**REQUIRED WORK:** With pictures left out, only the lines from the one containing "#HelloNovember #PositiveMindset #SuccessAhead" through the end of the records should be reproduced exactly, please.

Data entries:

Start of Block

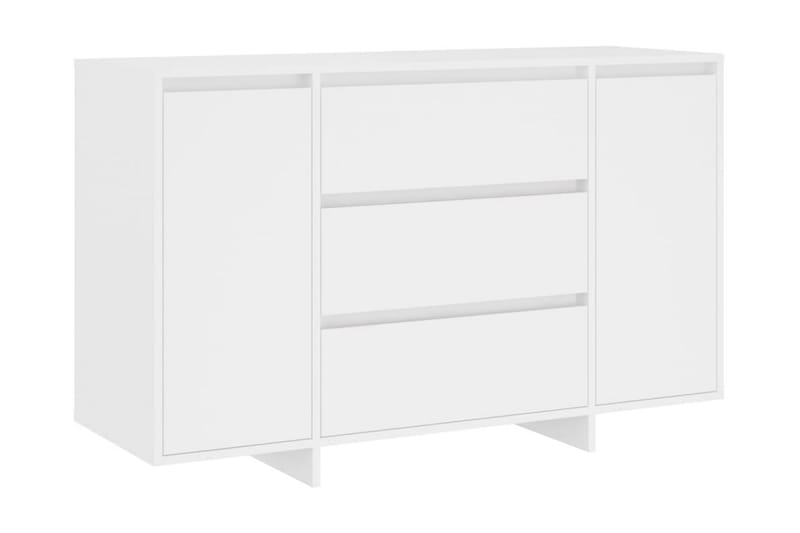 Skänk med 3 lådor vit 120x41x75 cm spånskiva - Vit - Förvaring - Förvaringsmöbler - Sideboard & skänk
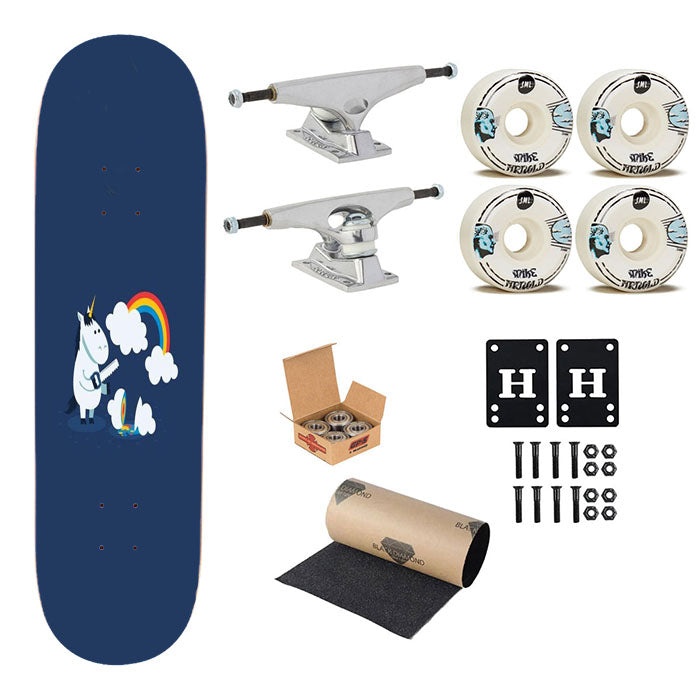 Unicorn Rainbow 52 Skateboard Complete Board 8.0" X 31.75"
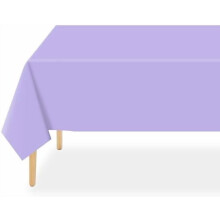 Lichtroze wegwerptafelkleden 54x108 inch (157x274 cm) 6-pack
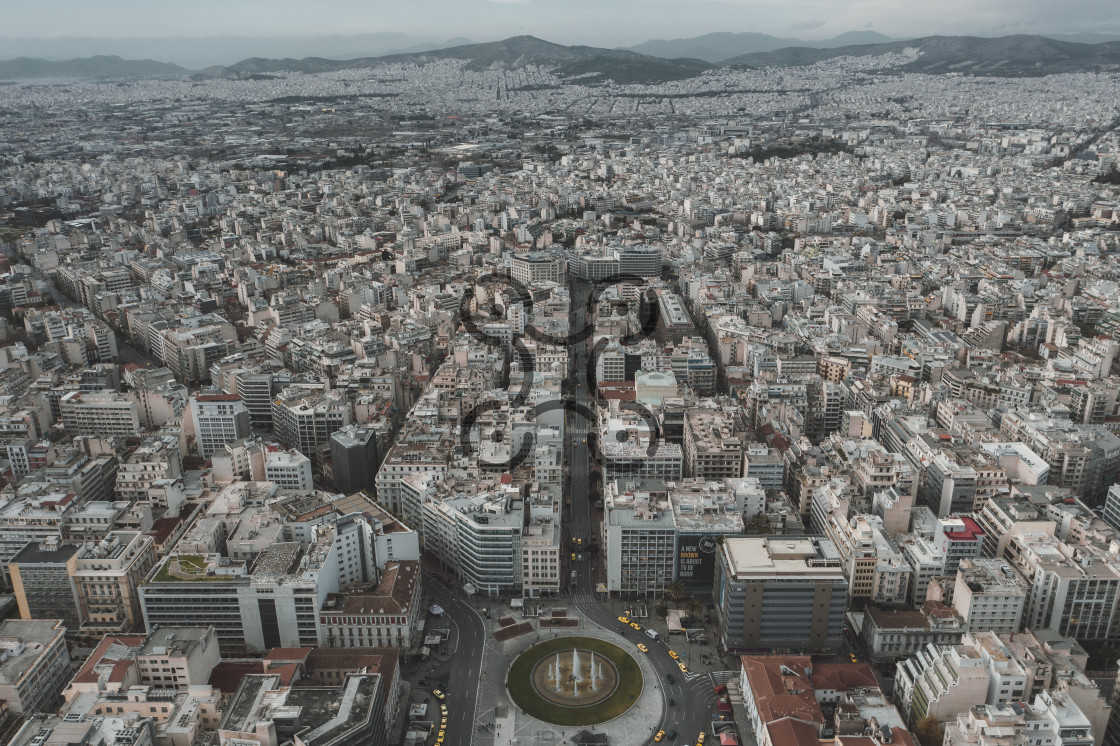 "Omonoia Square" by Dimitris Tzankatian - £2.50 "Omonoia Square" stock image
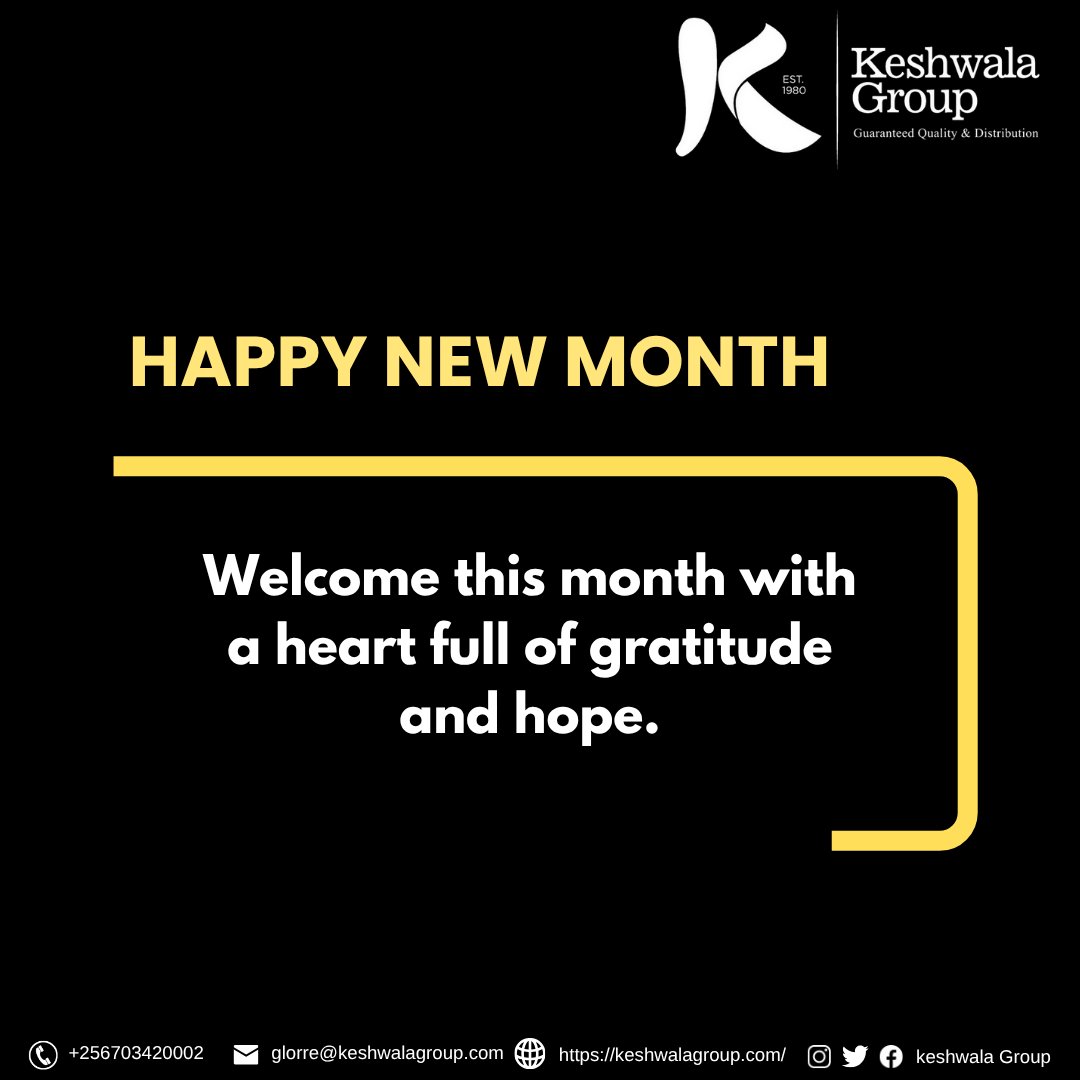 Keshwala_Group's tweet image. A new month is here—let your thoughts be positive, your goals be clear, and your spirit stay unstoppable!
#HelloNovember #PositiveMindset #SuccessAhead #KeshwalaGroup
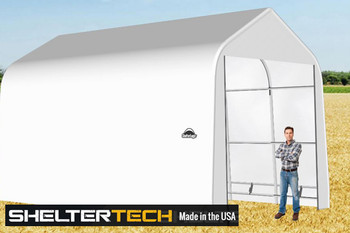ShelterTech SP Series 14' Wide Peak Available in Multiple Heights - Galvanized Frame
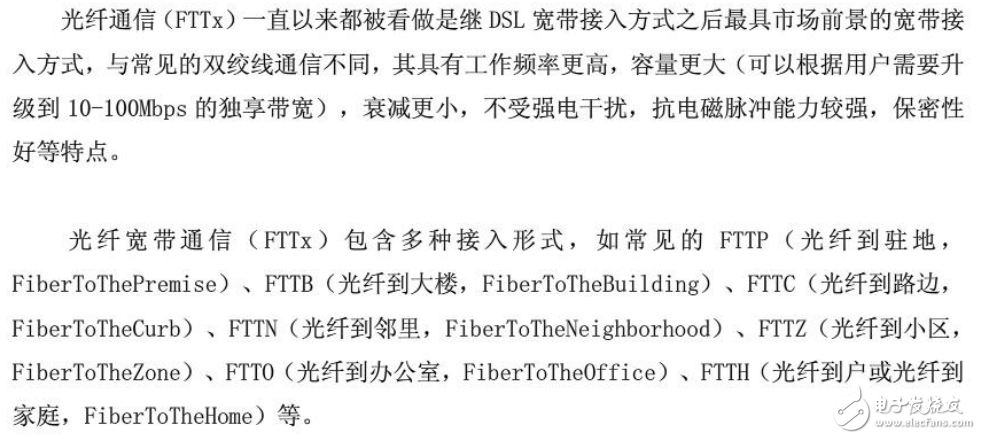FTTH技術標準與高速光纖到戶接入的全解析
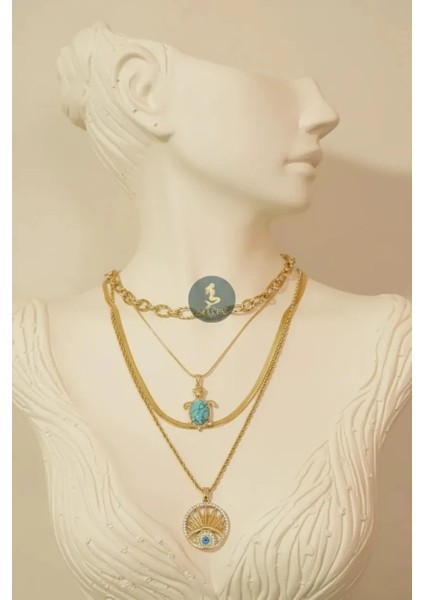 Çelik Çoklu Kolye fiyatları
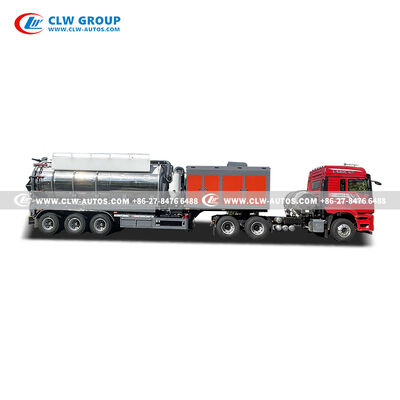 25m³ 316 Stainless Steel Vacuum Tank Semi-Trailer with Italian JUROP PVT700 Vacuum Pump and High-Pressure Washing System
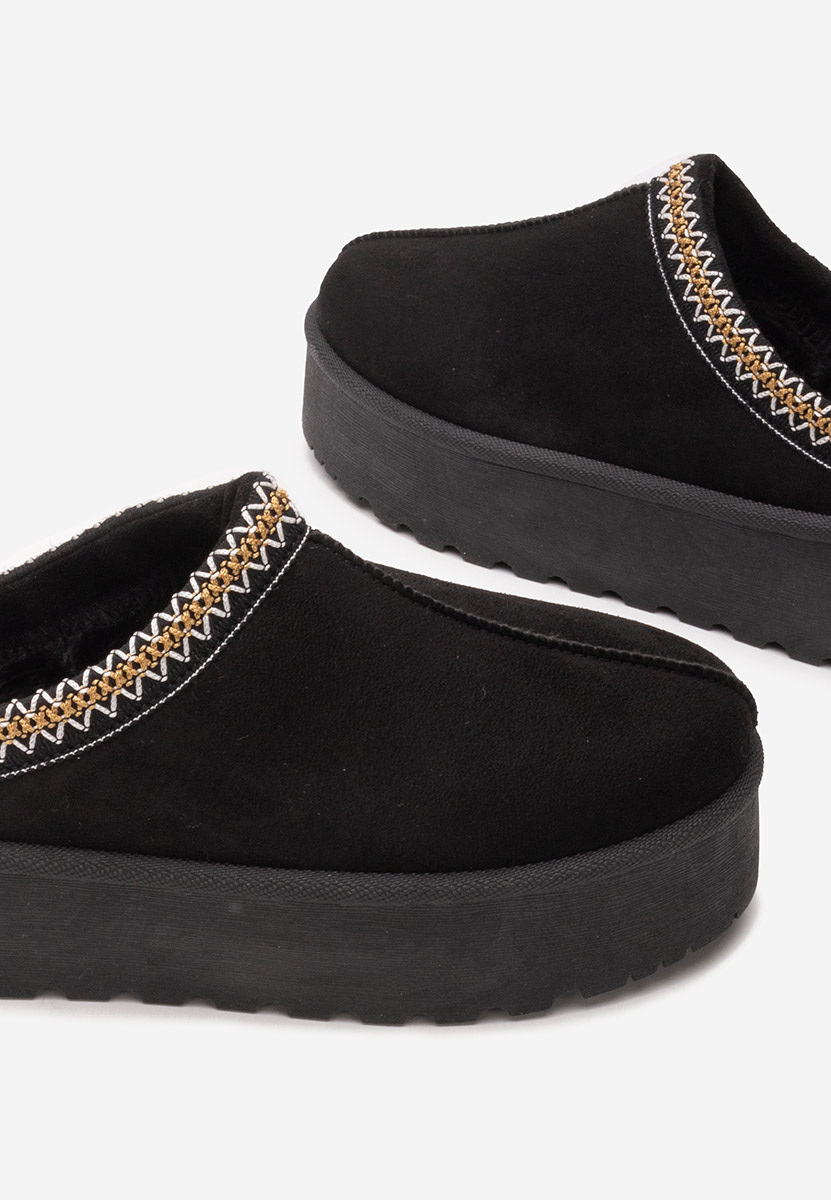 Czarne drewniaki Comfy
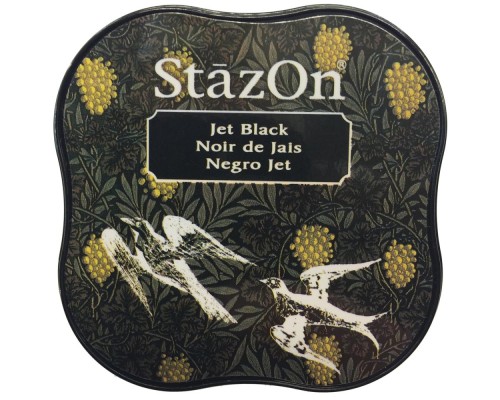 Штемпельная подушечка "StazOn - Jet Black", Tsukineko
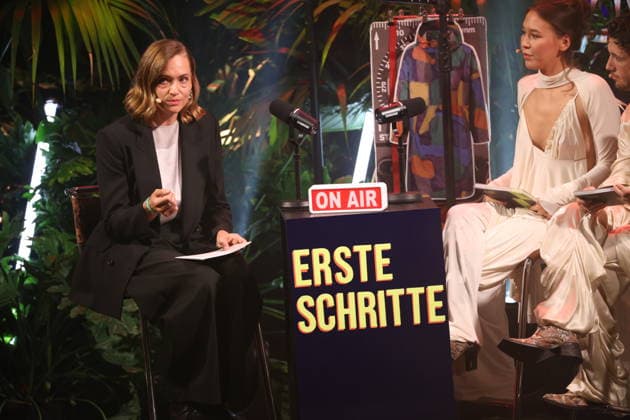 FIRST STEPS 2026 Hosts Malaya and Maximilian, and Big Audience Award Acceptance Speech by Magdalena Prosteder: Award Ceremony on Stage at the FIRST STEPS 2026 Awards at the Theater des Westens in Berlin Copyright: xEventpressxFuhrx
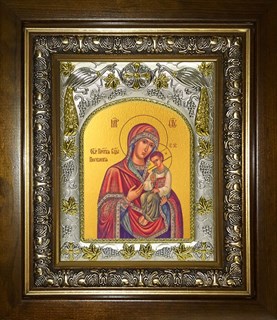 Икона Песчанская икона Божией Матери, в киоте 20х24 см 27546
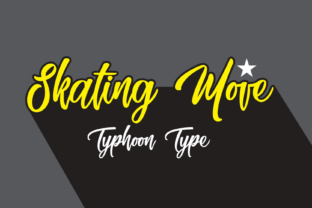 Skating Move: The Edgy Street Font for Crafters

End of Block

**EXERCISE OUTPUT:**
#HelloNovember #PositiveMindset #SuccessAhead #KeshwalaGroup
ShelterTech SP Series 14' Wide Peak Available in Multiple Heights - Galvanized Frame
FTTH技術標準與高速光纖到戶接入的全解析
 Çelik Çoklu Kolye fiyatları
 25m³ 316 Stainless Steel Vacuum Tank Semi-Trailer with Italian JUROP PVT700 Vacuum Pump and High-Pressure Washing System
 Czarne drewniaki Comfy
 Штемпельная подушечка "StazOn - Jet Black", Tsukineko
 FIRST STEPS 2026 Hosts Malaya and Maximilian, and Big Audience Award Acceptance Speech by Magdalena Prosteder: Award Ceremony on Stage at the FIRST STEPS 2026 Awards at the Theater des Westens in Berlin Copyright: xEventpressxFuhrx
 Икона Песчанская икона Божией Матери, в киоте 20х24 см 27546
 Skating Move: The Edgy Street Font for Crafters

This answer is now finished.